A Canadian doctor has found a simple tool for determining whether you are at an increased risk for heart disease or diabetes. It's a tape measure.
What's more, the tale of the tape can be a good one even if you have been packing a few extra pounds.
That's because researchers led by Dr. Jean-Pierre Despres of the Laval University in Montreal, Canada, found the higher a man's cardiorespiratory fitness, the less fat he has in his abdominal cavity. This was true regardless of the study participant's body mass index, or BMI, a ratio of weight to height typically used to gauge obesity.
The findings from the small study coincide with other research that shows men and women with thick waists and high cholesterol have a substantially higher risk of contracting heart disease and diabetes.
"This is why it's so, so important for the doctor to measure waist circumference," said Despres. "I'm on a crusade to have every doctor measure their patients' waistline. Your waistline measurement is a vital sign that is just as important as your blood pressure or cholesterol level."
According to Despres, a waist measurement of 33 inches or more in women and 36 in men combined with high triglyceride levels is associated with a drastic increase in an individual's risk of heart disease and type 2 diabetes.
There is mounting evidence that people who are fit are at reduced risk of heart disease, regardless of whether they are overweight or obese based on their BMI.
What's more, people of normal weight with bulging bellies can be "time bombs" for heart disease, Despres says.
Despres and his colleagues suspect that fit individuals, regardless of BMI, would have less belly fat. To investigate, they looked at 169 healthy men, comparing their cardiorespiratory fitness with their amount of belly fat as measured by a CAT scan.
As the researchers suspected, men's belly fat accumulation rose as their cardiorespiratory fitness fell. The relationship remained even after the researchers considered the effects of BMI and age.
Despres and his team conclude that exercise should be promoted for everyone, regardless of age, gender or BMI, to trim belly fat and thus reduce heart disease risk.
THE EYES HAVE IT
August is Cataract Awareness Month, the perfect time to consider eating the right foods to help protect your eyes.
Cataracts are the most common age-related eye disease. The U.S. Centers for Disease Control and Prevention in Atlanta estimates that more than 17 percent of Americans aged 40 and older have one or more cataracts, and 5 percent reported having had surgery to remove a cataract from one or both eyes.
Cataracts are responsible for about 50 percent of the cases of vision loss in the United States each year, reports the CDC.
Recent research studies have found that antioxidants like vitamin E and vitamin C help lower the rate of cataracts, say the experts at Prevent Blindness America.

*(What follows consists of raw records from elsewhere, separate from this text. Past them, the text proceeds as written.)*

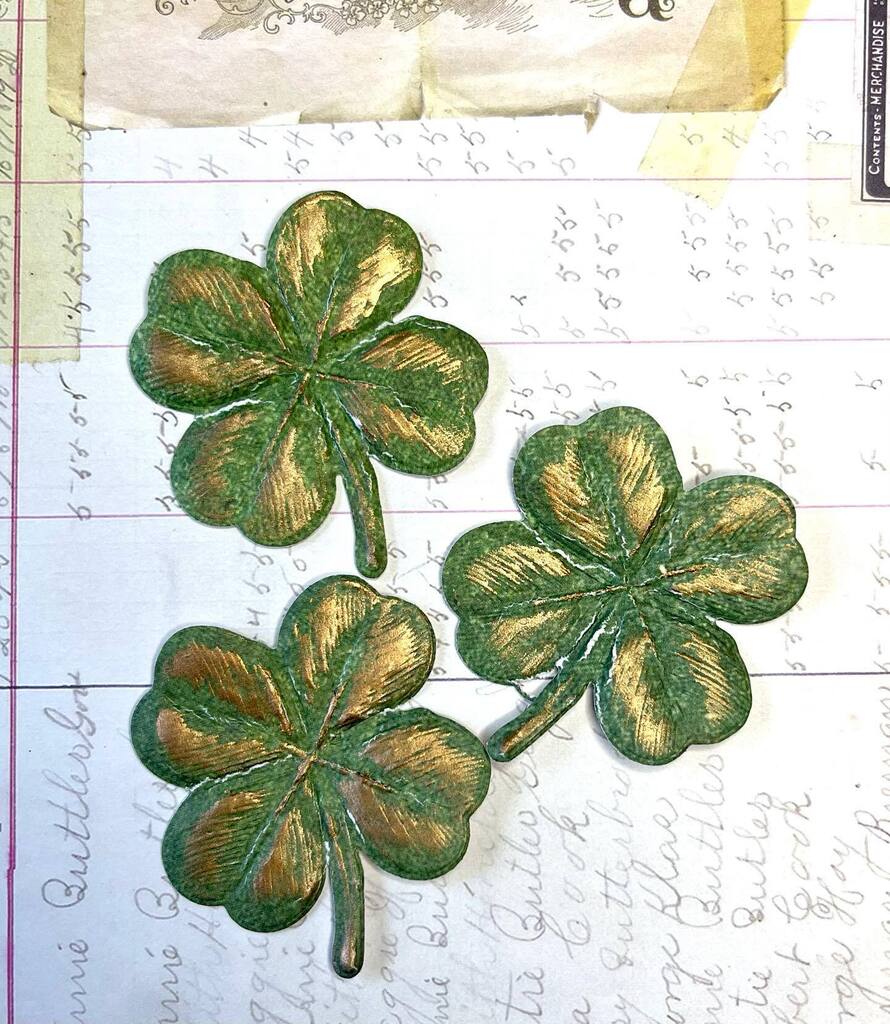 Day 18: I am in class design mode so will share some soon. Happy St. Patricks day!  Took time out to make a few of these awesome #shamrocks using <a href="/tim_holtz/">Tim Holtz</a> @sizzix #diecuts. They look fabulous with the #lusterwax -can’t pinch me!  timholtz #timholtzsizz… instagr.am/p/Cp51Fpwu_Ld/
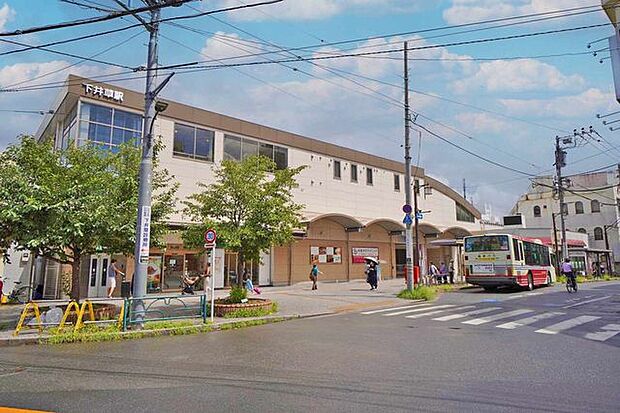 下井草駅(西武 新宿線) 徒歩10分。急行停車駅ではないが、西武新宿駅からは「鷺ノ宮駅」乗り換えでわずか3駅、約15分の距離にある。駅前にはスーパー西友やユニクロ、スポーツクラブもあり便利で暮らしや…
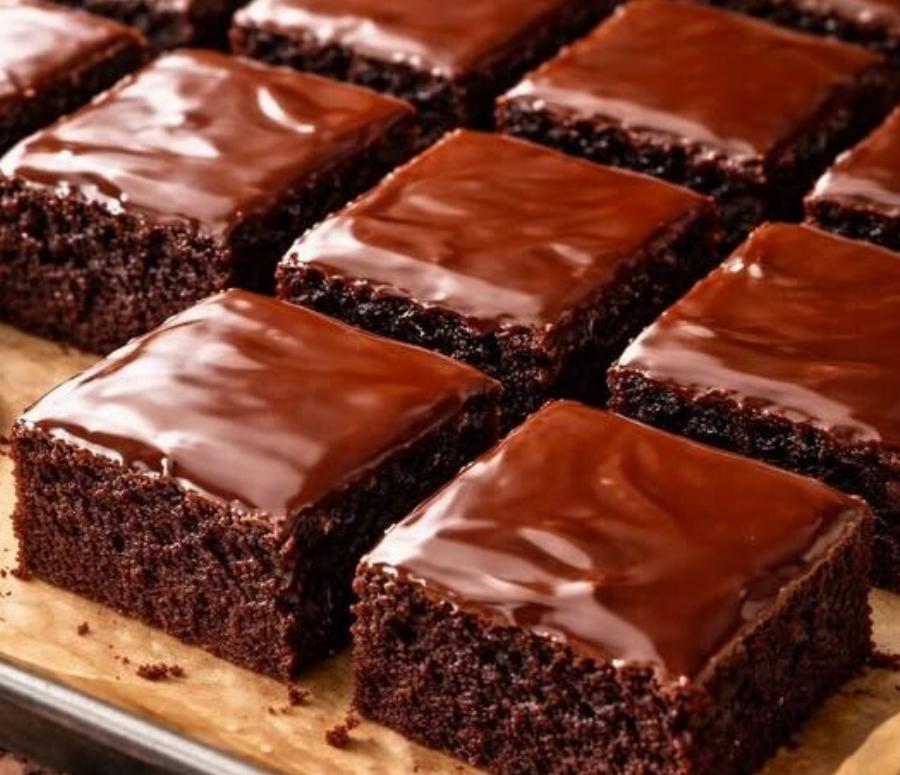 Το πιο ζουμερό μπράουνι με γλάσο που έχεις δοκιμάσει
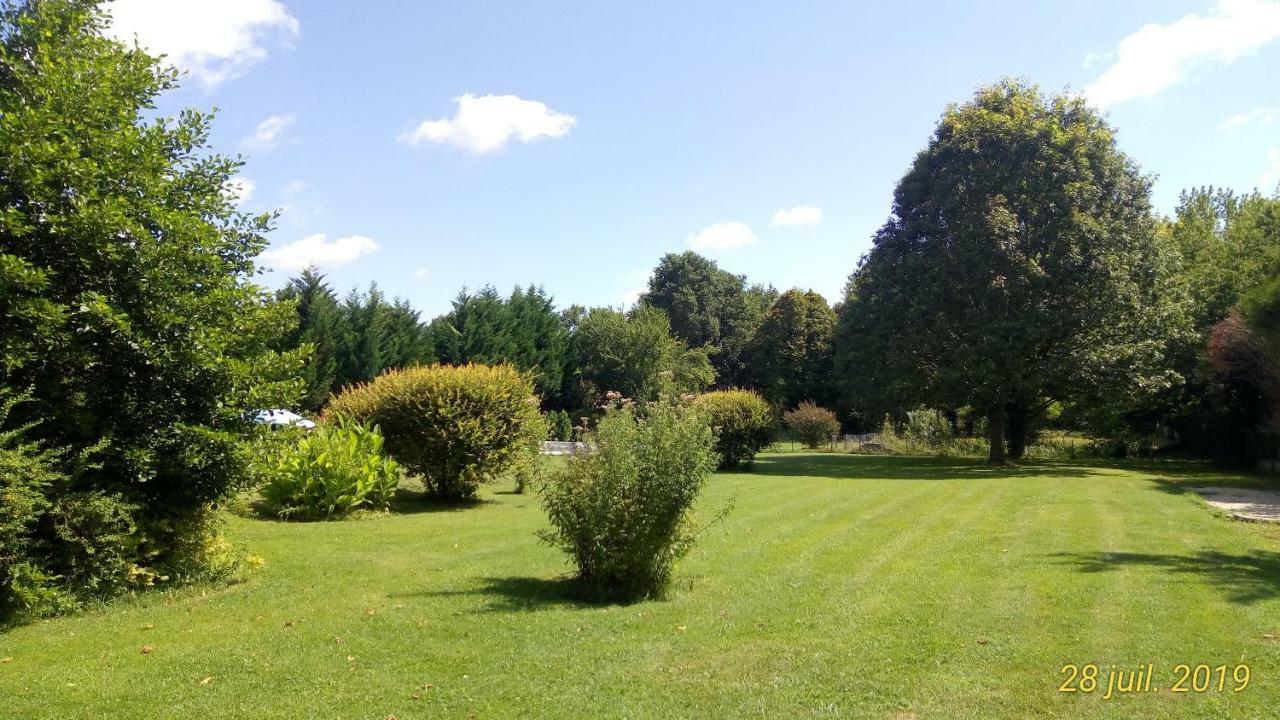 Bed and Breakfast Montplaisir Montendre Exterior foto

Vitamin E is found in wheat germ, nuts, seeds and oils. Vitamin C is found in oranges, grapefruit, strawberries, broccoli and peppers. Other phytochemicals, found in blueberries, Brussels sprouts and spinach, also help prevent degeneration of the eyes.
A cataract is a clouding of the natural lens in the eye, the part of the eye that is responsible for focusing light and enabling you to see sharp and clear images.
According to the American Academy of Ophthalmology, other causes of developing cataracts include injury to the eye, previous eye surgery, high salt intake, a family history of cataract and long-term unprotected sunlight exposure.
This August it couldn't hurt to fix your gaze on fruits and vegetables and keep your eyes healthy.